PROBLEM TO SOLVE
Going down the listing below, print exactly each line from the one with "Sparkonton från KronSpar" up to and including the one with "Cathrineholm Stripes Skål", and skip the rest.

PROVIDED DATA

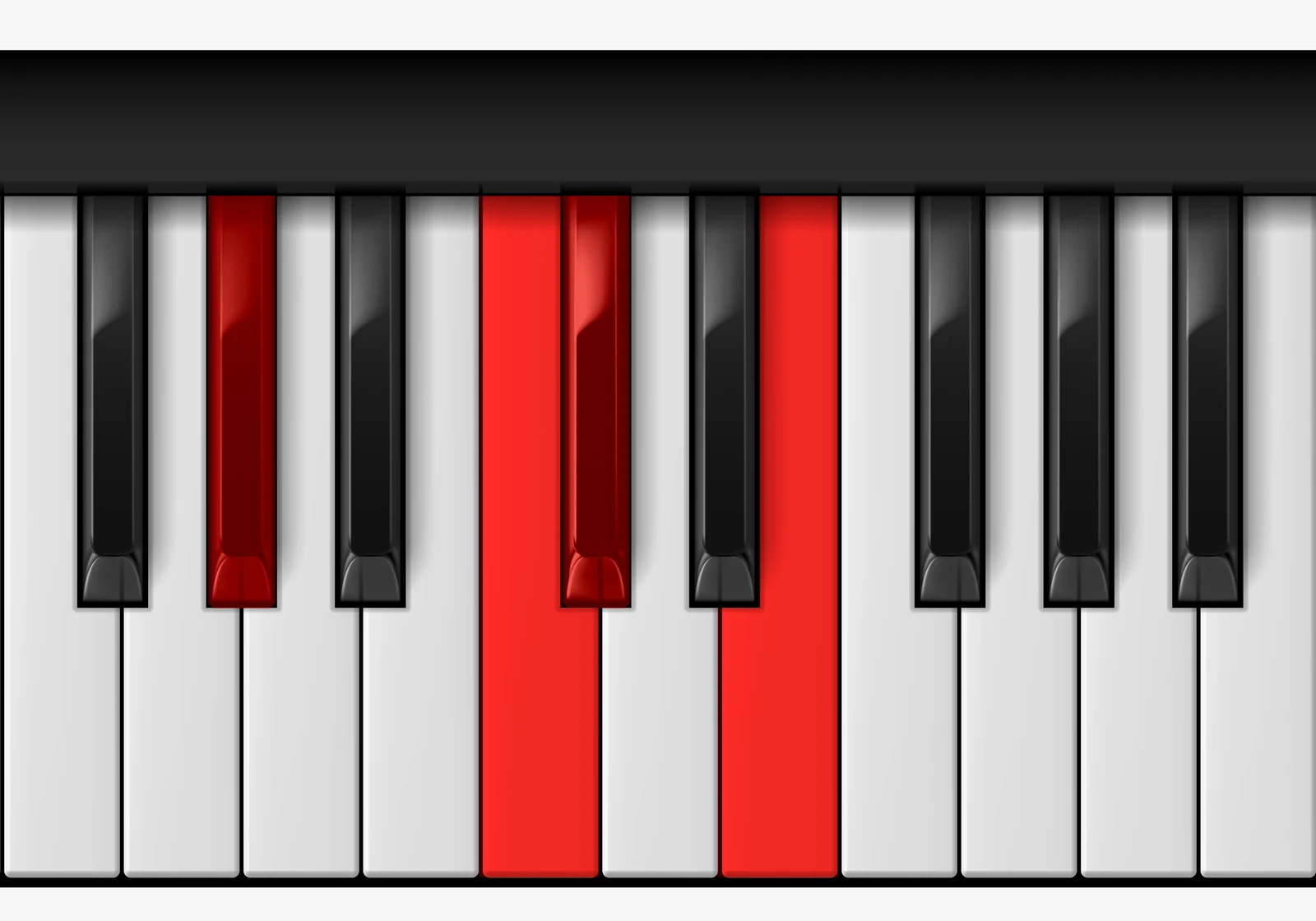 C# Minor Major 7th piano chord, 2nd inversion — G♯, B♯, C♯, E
--
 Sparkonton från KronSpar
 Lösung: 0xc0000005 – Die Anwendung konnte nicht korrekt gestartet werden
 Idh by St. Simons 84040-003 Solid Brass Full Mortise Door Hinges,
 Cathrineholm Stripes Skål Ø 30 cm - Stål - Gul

TASK RESULT
 Sparkonton från KronSpar
 Lösung: 0xc0000005 – Die Anwendung konnte nicht korrekt gestartet werden
 Idh by St. Simons 84040-003 Solid Brass Full Mortise Door Hinges,
 Cathrineholm Stripes Skål Ø 30 cm - Stål - Gul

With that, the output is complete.